El pasado 21 de febrero del 2013, muere asesinado de un disparo en la cabeza, al interior de la empresa subcontratista AZETA, el dirigente sindical y comunicador radial, Juan Pablo Jiménez. La Policía, amparada por el Gobierno y sus medios de comunicación sostuvieron por largo tiempo, la tesis de «la bala Loca», proveniente de enfrentamientos entre policías y narcotraficantes en el sector.
Peritajes privados lograron refutar esta tesis, estableciendo la intencionalidad del disparo ejecutado en forma directa, pero a cierta distancia. No obstante, tanto la Policía, como el Gobierno y la Justicia han obstaculizado el esclarecimiento de los responsables del asesinato.
A un año de la muerte de Juan Pablo Jiménez, las organizaciones políticas y sociales, junto a los trabajadores hicieron un llamado a la Justicia y el Castigo de los responsables de este crimen político, a través de Actos Conmemorativos a lo largo del País, en los que se recalcó el rol de luchador social de Jiménez:
“consideramos que nuestro mejor homenaje a Juan Pablo, es continuar su legado, tal como él lo hizo: seguir batallando para terminar con el trabajo precario y con la sub-contratación de la cual son parte miles de trabajadores.
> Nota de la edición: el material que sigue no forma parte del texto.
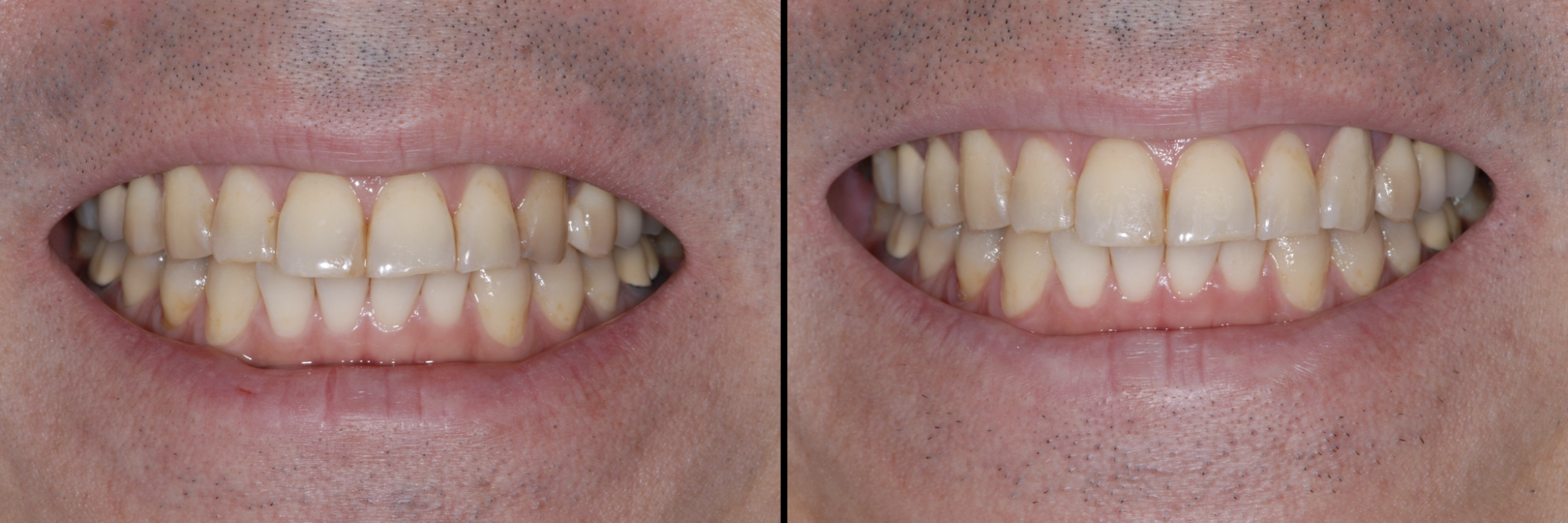 Before and After Image: Zirconia Crown - front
De paso, acertarle un golpe a uno de los pilares que sostienen el legado de la dictadura: el código del trabajo. Los trabajadores portuarios de Mejillones y el paro nacional portuario de este año fueron clara muestra de ello.
Continuaremos este año enarbolando muy en alto las banderas de ¡juicio y castigo! a los asesinos/as de Juan Pablo Jiménez”.
En Valparaíso, el acto contó con la presencia de diferentes agrupaciones políticas y dirigentes sociales, estudiantes y trabajadores. Así como también, con la participación del hip-hop combativo representados Piño Insurgente, la Brigada de Hip-Hop Clasista (BH2C) y de SubVerso; junto a ellos, los trovadores Claudio Martínez y El Lotino.